Covo, la truffa delle moto
Iter internazionale per riaverle

Le denunce sfiorano ormai quota cento e le persone che si sono viste sottrarre la propria moto - in circostanze che la procura sta cercando di chiarire - dall'ormai ex «Angolo della moto» di Covo ora puntano i piedi e chiedono giustizia.

Le denunce sfiorano ormai quota cento e le persone che si sono viste sottrarre la propria moto - in circostanze che la procura sta cercando di chiarire - dall'ormai ex «Angolo della moto» di Covo ora puntano i piedi e chiedono giustizia.

Dopo diversi sit-in fuori dal punto vendita della Bassa, un servizio-denuncia di «Striscia la notizia» e la minaccia di organizzare una class action contro i proprietari del negozio, ora la maggior parte delle vittime - una settantina - ha avviato una procedura internazionale per chiede la restituzione delle moto che, secondo quanto ricostruito, i titolari dell'«Angolo della moto» avrebbero venduto a un concessionario tedesco di Monaco di Baviera senza però poi dare nulla ai legittimi proprietari dei bolidi, che li avevano affidati al negozio con la formula del conto vendita.

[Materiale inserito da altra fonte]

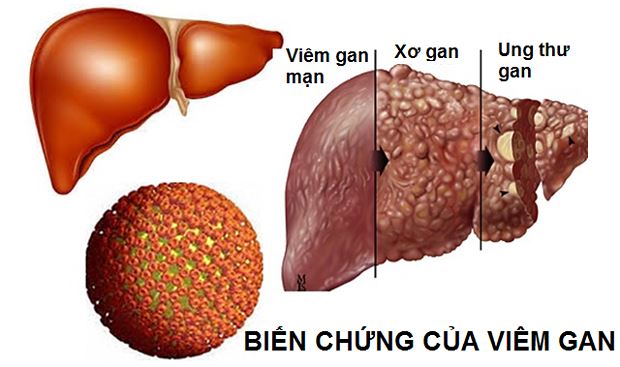 Những biến chứng của bệnh viêm gan B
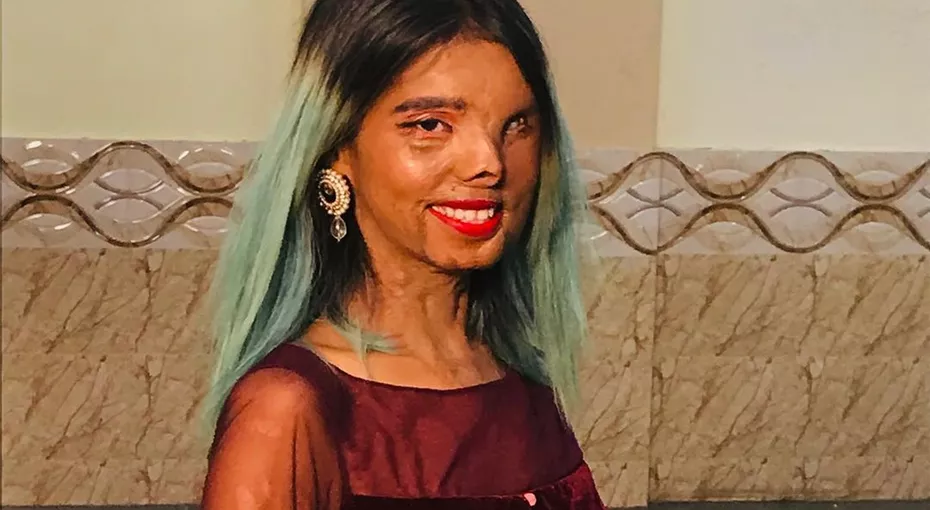 მამამ 2 თვის შვილს სასიკვდილო განაჩენი გამოუტანა. გოგონა გადარჩა და... - ისტორია, რომელმაც მსოფლიო შეძრა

«Abbiamo avviato questa procedura – spiega l'avvocato Sergio Calvetti, che rappresenta appunto una settantina dei presunti truffati – per chiedere che vengano restituite le moto che si trovano al confine, al concessionario tedesco o da quest'ultimo già rivendute. La richiesta internazionale è stata inviata alla procura di Bergamo e alla corte di Monaco di Baviera. Mi auguro che si muovano un po' le acque, perché la procura di Bergamo si sta rivelando piuttosto lenta su questa indagine che coinvolge davvero tante persone».

Sembra che il commerciante di Monaco fosse del tutto in buona fede e che abbia pagato i bolidi in maniera regolare: alcune moto, però, erano state spedite in Germania ancor prima che venissero radiate dal registro in Italia, come hanno riferito alcune delle vittime, le quali si erano viste radiare la moto prima che consegnassero il relativo certificato di proprietà.

A questa obiezione il commerciante tedesco - che a fine 2012 era stato a Covo e aveva incontrato alcune delle vittime - aveva risposto di essersi accontentato, per il trasporto, della fotocopia del libretto di circolazione.